*** Block opens ***

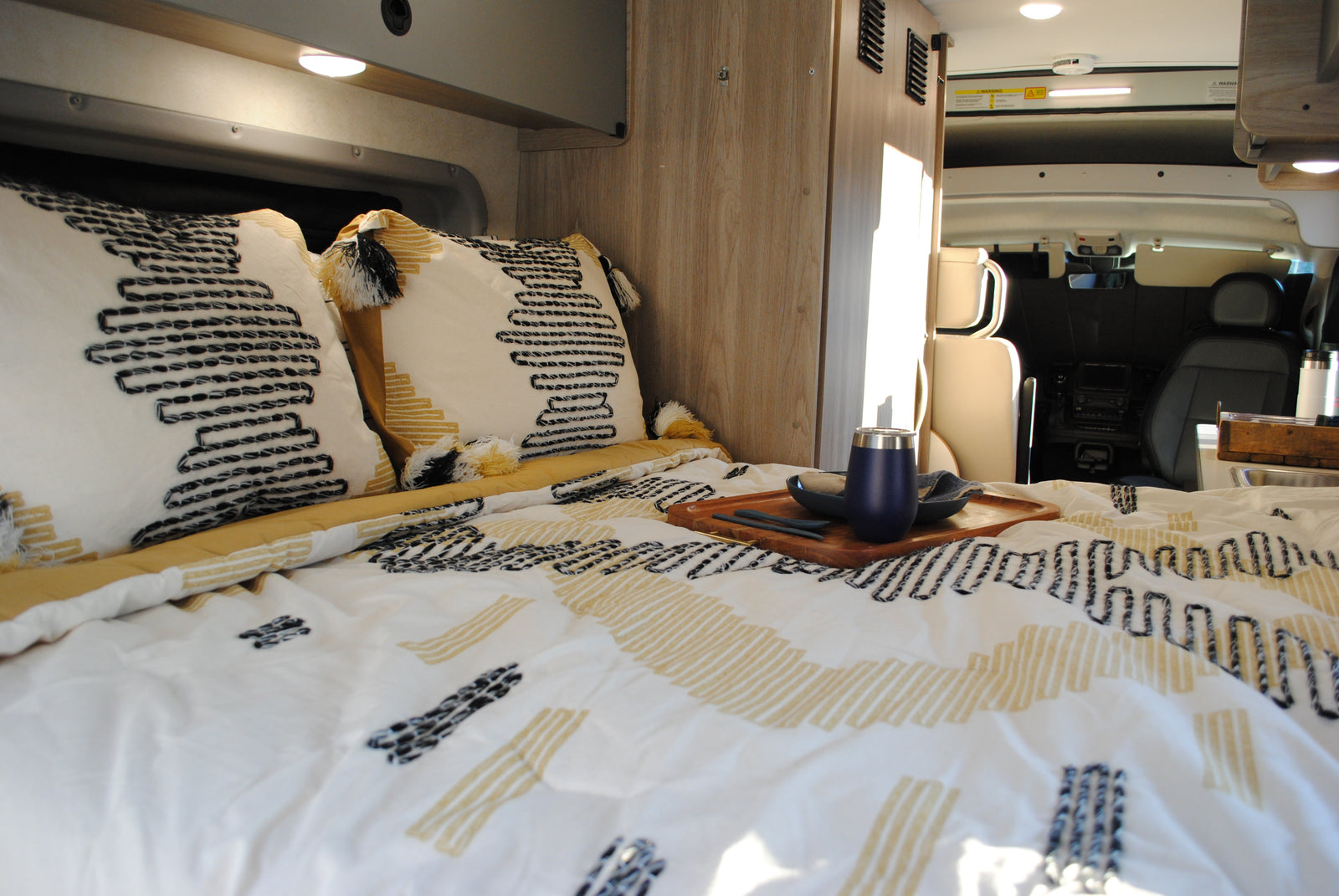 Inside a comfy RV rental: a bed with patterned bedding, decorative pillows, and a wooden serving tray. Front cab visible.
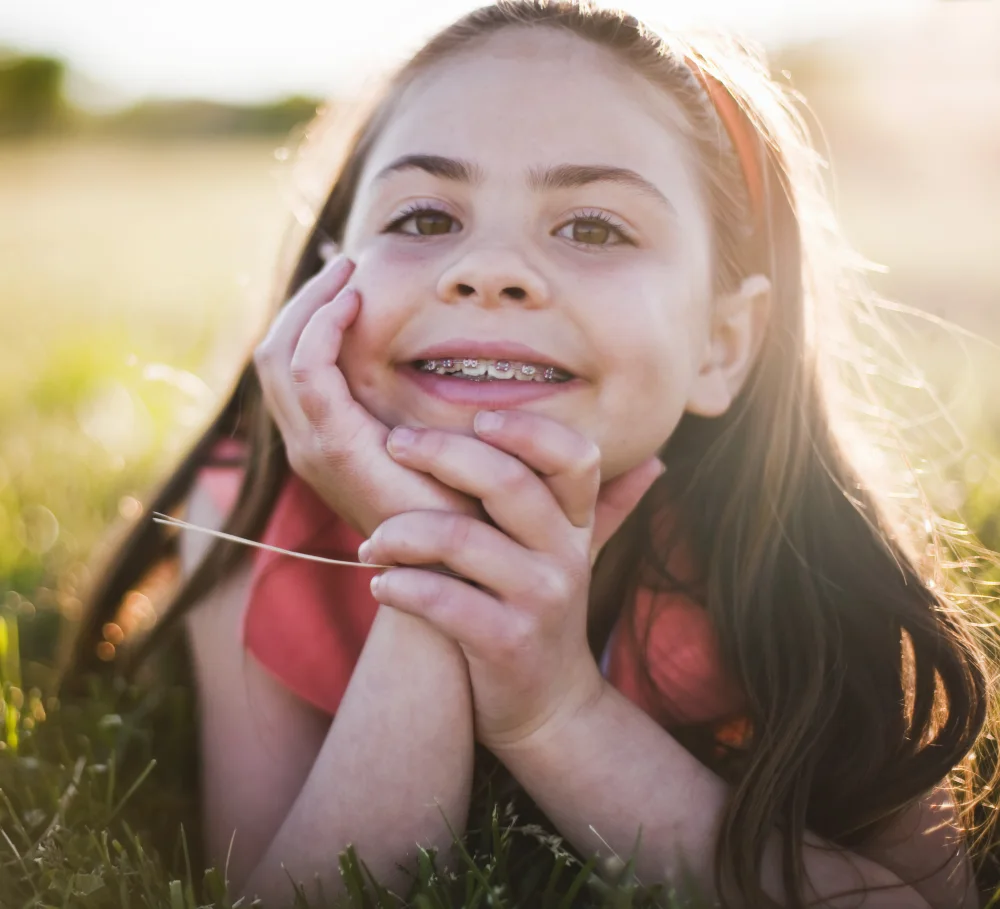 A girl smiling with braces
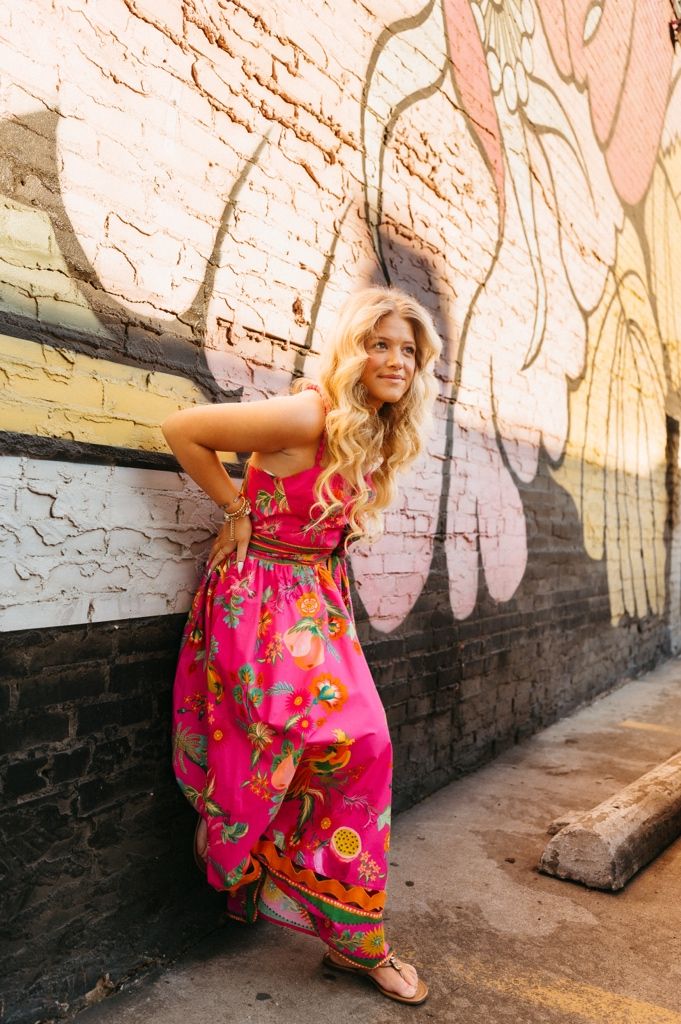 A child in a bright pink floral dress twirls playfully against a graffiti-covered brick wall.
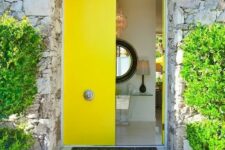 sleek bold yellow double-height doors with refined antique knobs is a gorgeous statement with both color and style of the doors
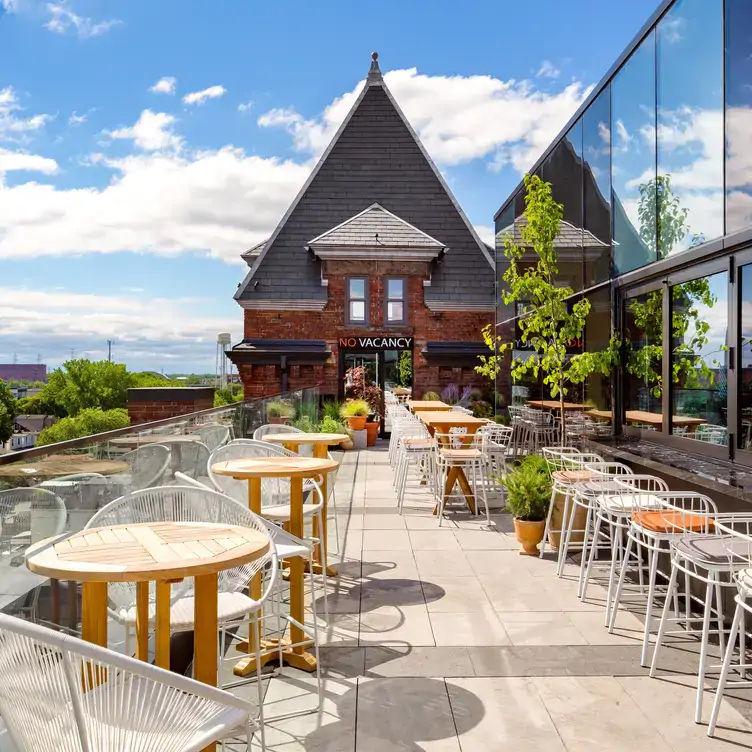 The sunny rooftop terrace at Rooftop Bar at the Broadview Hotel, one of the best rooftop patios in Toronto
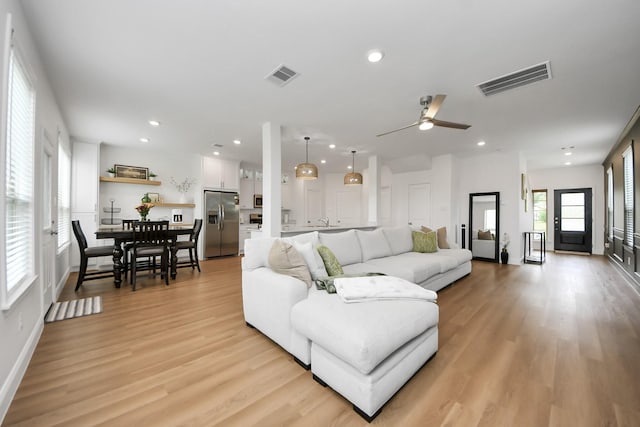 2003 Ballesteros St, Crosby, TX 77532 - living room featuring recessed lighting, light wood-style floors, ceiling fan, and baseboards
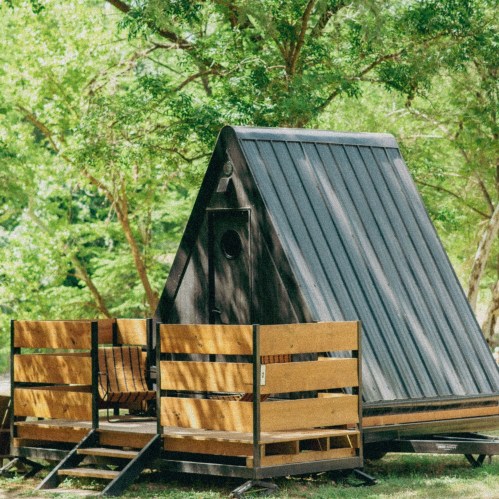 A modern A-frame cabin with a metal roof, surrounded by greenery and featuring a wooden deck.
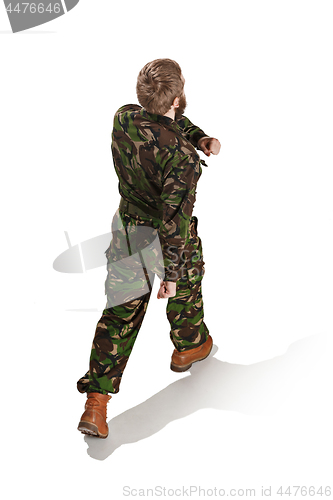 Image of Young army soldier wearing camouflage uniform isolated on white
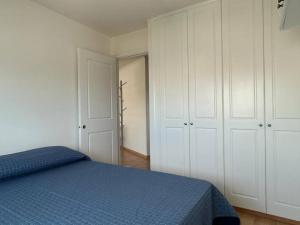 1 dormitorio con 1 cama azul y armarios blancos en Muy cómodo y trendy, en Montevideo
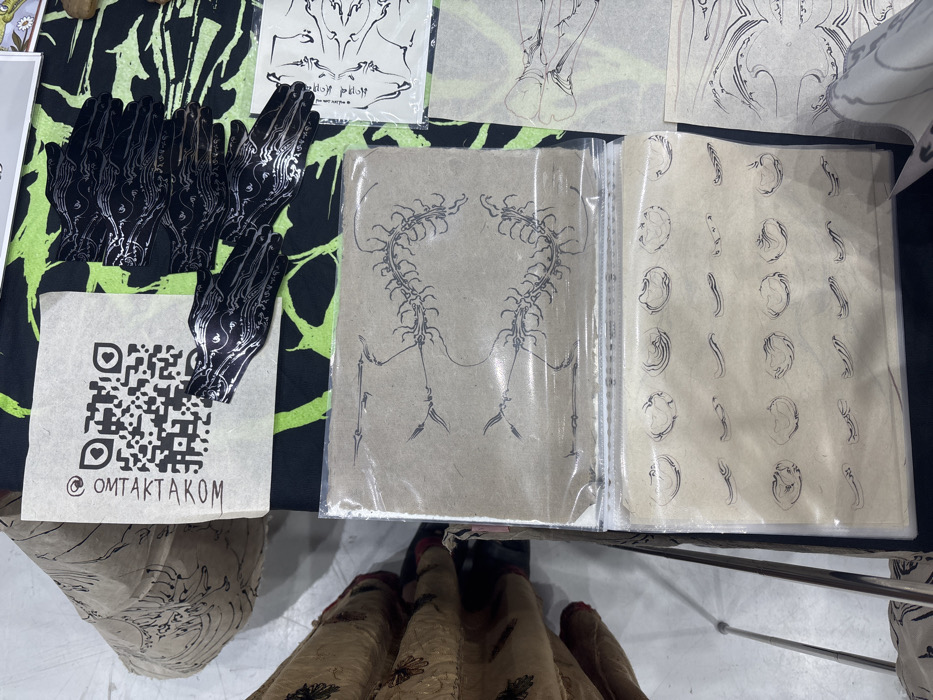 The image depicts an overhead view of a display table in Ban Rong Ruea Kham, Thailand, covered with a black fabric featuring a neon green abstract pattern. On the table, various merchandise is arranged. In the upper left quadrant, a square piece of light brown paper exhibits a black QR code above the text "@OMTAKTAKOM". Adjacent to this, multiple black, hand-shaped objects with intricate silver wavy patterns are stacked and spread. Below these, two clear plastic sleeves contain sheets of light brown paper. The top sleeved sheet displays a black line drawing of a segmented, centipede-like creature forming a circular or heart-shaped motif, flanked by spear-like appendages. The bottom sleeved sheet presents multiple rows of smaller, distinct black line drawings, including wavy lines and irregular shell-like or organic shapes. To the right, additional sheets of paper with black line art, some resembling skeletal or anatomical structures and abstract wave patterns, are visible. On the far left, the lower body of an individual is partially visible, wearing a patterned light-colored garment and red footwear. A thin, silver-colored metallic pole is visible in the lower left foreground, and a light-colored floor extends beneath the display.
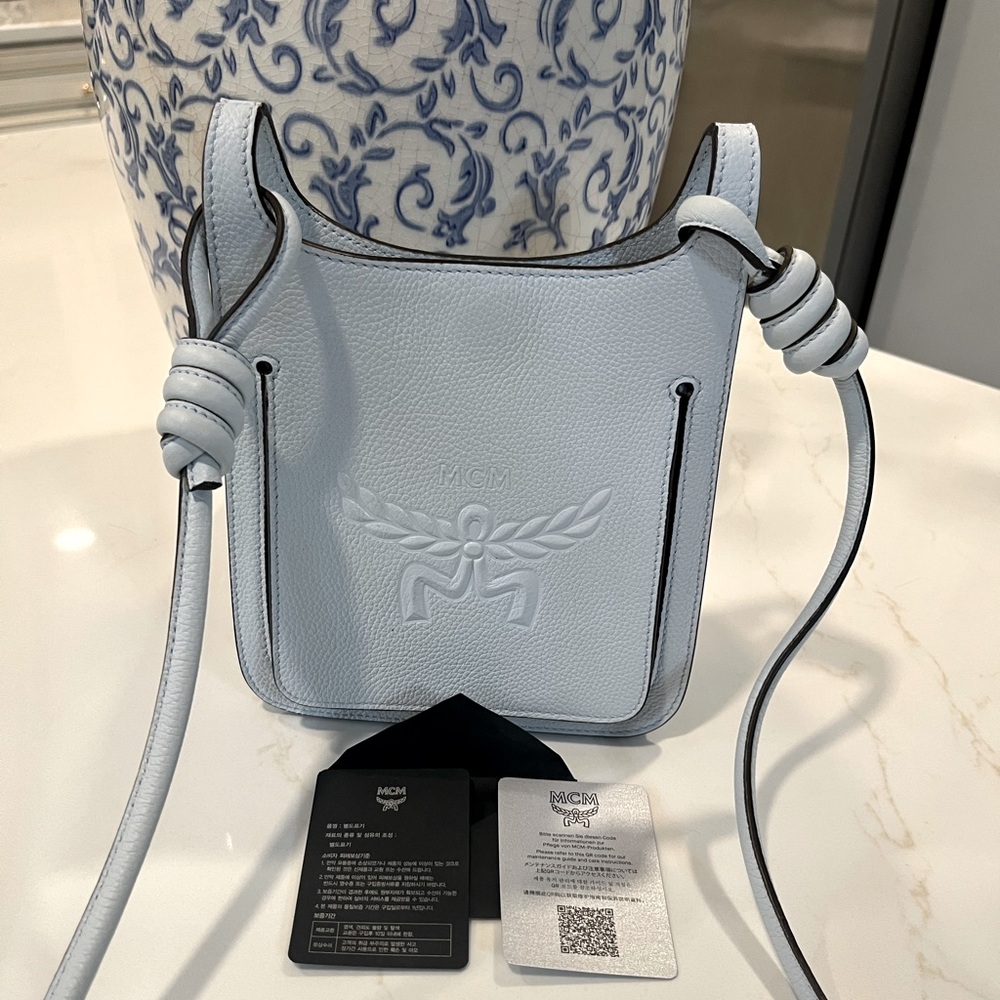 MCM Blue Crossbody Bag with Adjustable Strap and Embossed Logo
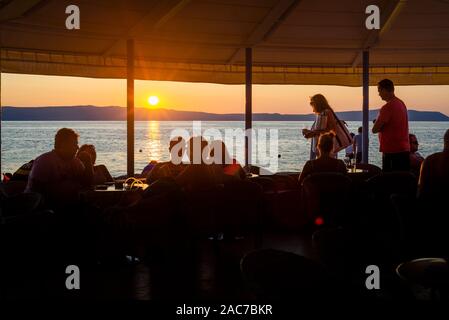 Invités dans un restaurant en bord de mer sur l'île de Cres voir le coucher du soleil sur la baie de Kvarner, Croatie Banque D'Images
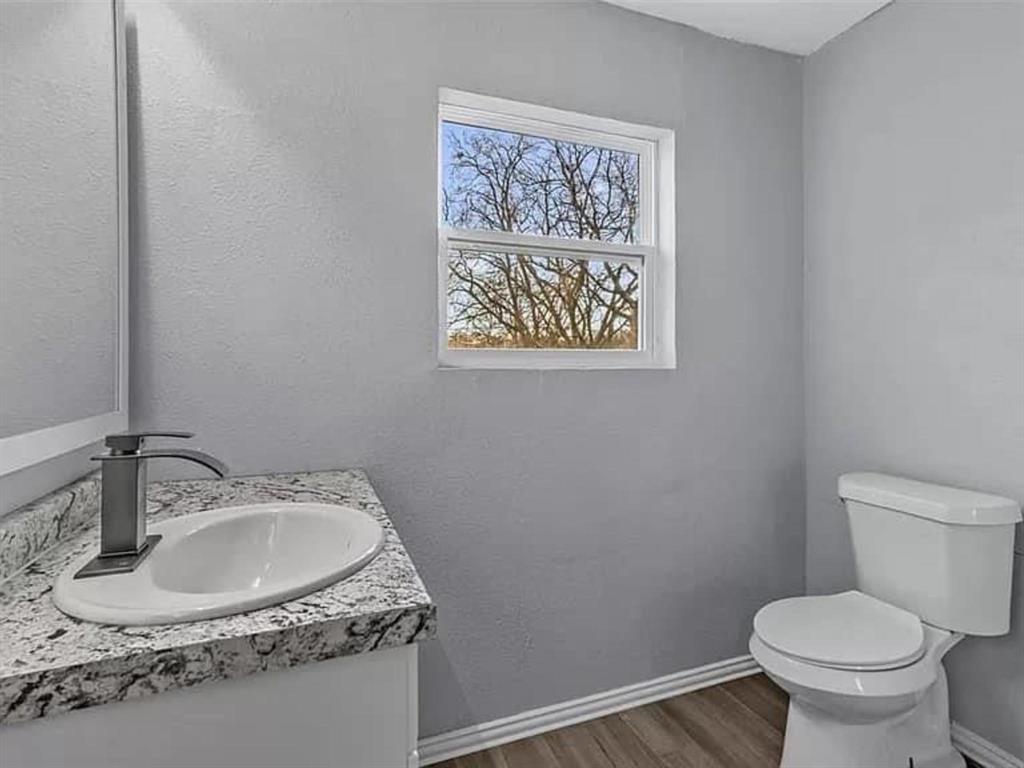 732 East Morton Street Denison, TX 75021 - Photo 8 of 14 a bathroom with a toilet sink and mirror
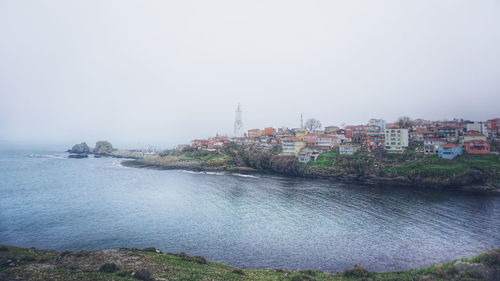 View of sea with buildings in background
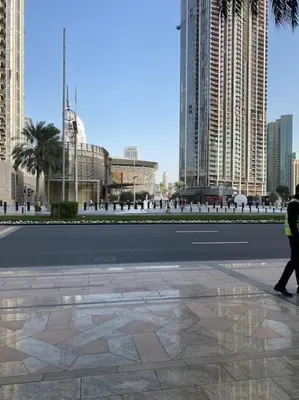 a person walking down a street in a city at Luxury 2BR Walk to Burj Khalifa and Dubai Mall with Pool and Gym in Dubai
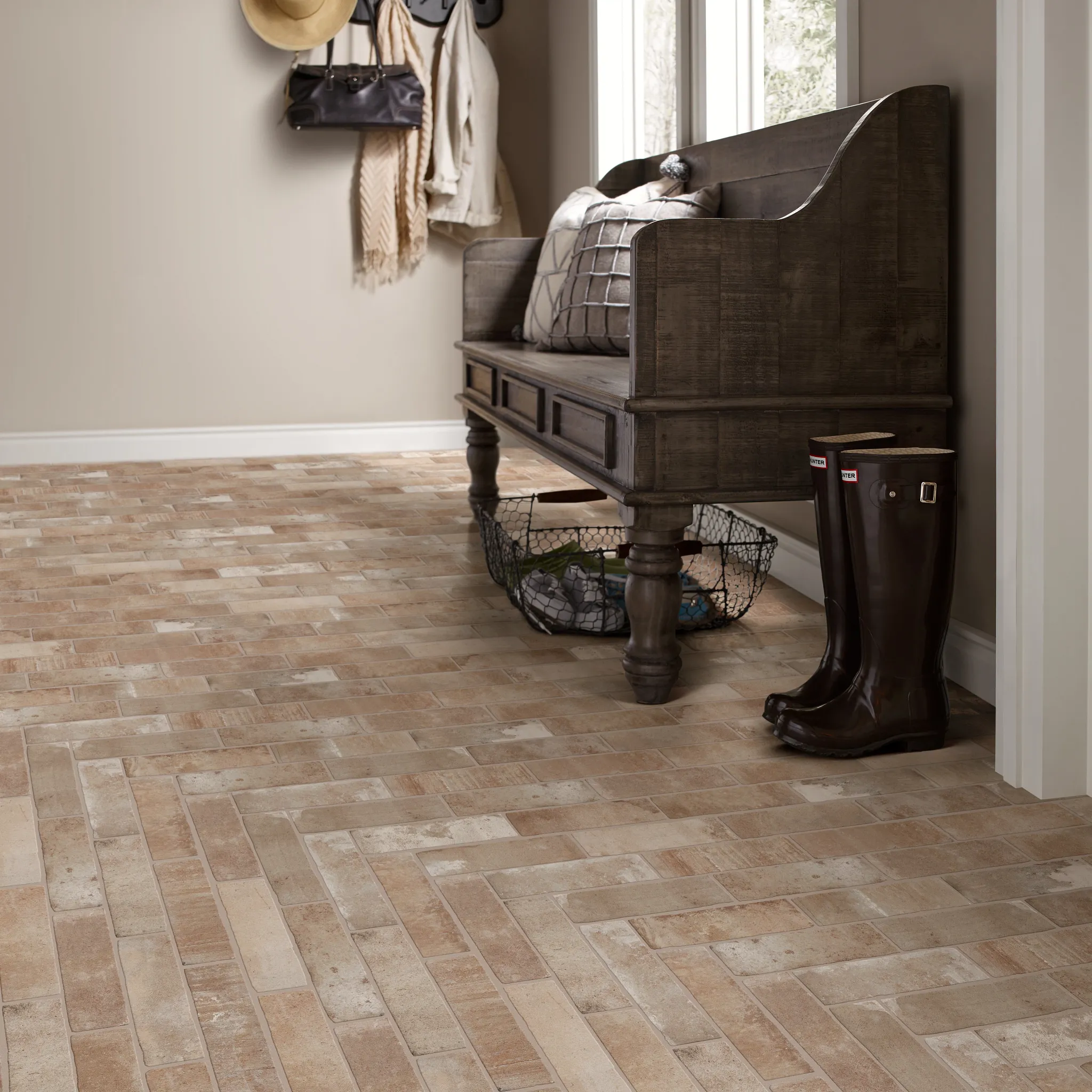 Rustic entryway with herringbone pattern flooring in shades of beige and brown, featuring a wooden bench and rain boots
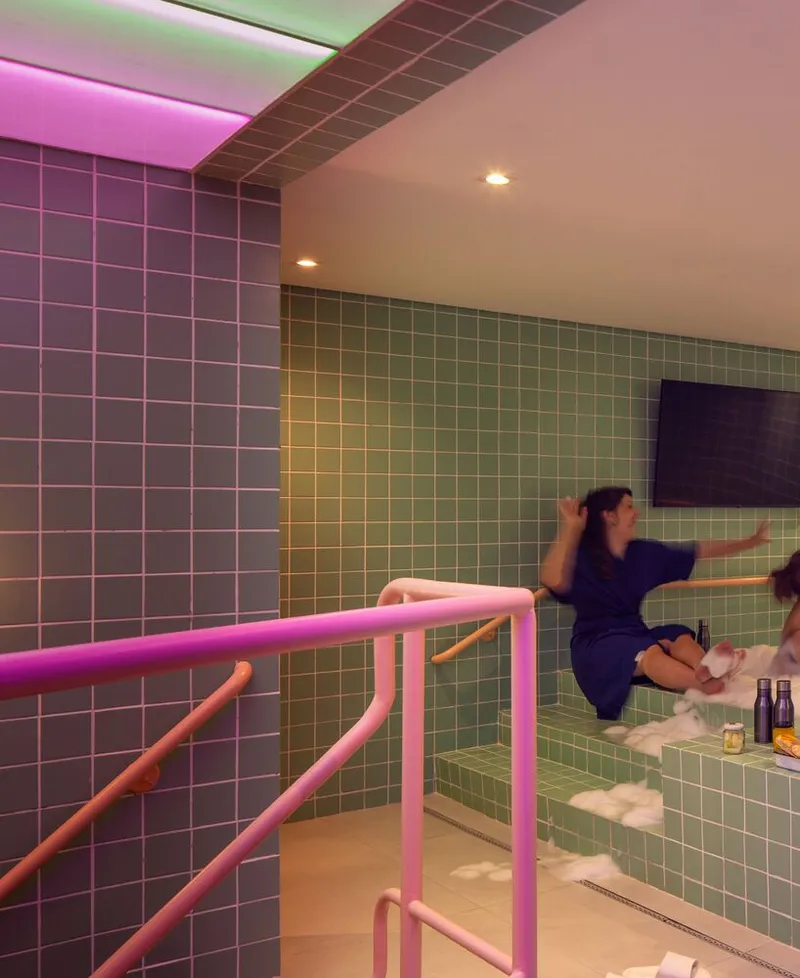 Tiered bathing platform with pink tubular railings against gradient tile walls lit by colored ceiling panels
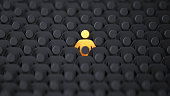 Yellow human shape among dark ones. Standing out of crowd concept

*** Block closes ***

### To do
Word for word, write out each line of the records, but leave the pictures behind.

### Response to the task
 Inside a comfy RV rental: a bed with patterned bedding, decorative pillows, and a wooden serving tray. Front cab visible.
 A girl smiling with braces
 A child in a bright pink floral dress twirls playfully against a graffiti-covered brick wall.
 sleek bold yellow double-height doors with refined antique knobs is a gorgeous statement with both color and style of the doors
 The sunny rooftop terrace at Rooftop Bar at the Broadview Hotel, one of the best rooftop patios in Toronto
 2003 Ballesteros St, Crosby, TX 77532 - living room featuring recessed lighting, light wood-style floors, ceiling fan, and baseboards
 A modern A-frame cabin with a metal roof, surrounded by greenery and featuring a wooden deck.
 Image of Young army soldier wearing camouflage uniform isolated on white
 1 dormitorio con 1 cama azul y armarios blancos en Muy cómodo y trendy, en Montevideo
 The image depicts an overhead view of a display table in Ban Rong Ruea Kham, Thailand, covered with a black fabric featuring a neon green abstract pattern. On the table, various merchandise is arranged. In the upper left quadrant, a square piece of light brown paper exhibits a black QR code above the text "@OMTAKTAKOM". Adjacent to this, multiple black, hand-shaped objects with intricate silver wavy patterns are stacked and spread. Below these, two clear plastic sleeves contain sheets of light brown paper. The top sleeved sheet displays a black line drawing of a segmented, centipede-like creature forming a circular or heart-shaped motif, flanked by spear-like appendages. The bottom sleeved sheet presents multiple rows of smaller, distinct black line drawings, including wavy lines and irregular shell-like or organic shapes. To the right, additional sheets of paper with black line art, some resembling skeletal or anatomical structures and abstract wave patterns, are visible. On the far left, the lower body of an individual is partially visible, wearing a patterned light-colored garment and red footwear. A thin, silver-colored metallic pole is visible in the lower left foreground, and a light-colored floor extends beneath the display.
 MCM Blue Crossbody Bag with Adjustable Strap and Embossed Logo
 Invités dans un restaurant en bord de mer sur l'île de Cres voir le coucher du soleil sur la baie de Kvarner, Croatie Banque D'Images
 732 East Morton Street Denison, TX 75021 - Photo 8 of 14 a bathroom with a toilet sink and mirror
 View of sea with buildings in background
 a person walking down a street in a city at Luxury 2BR Walk to Burj Khalifa and Dubai Mall with Pool and Gym in Dubai
 Rustic entryway with herringbone pattern flooring in shades of beige and brown, featuring a wooden bench and rain boots
 Tiered bathing platform with pink tubular railings against gradient tile walls lit by colored ceiling panels
 Yellow human shape among dark ones. Standing out of crowd concept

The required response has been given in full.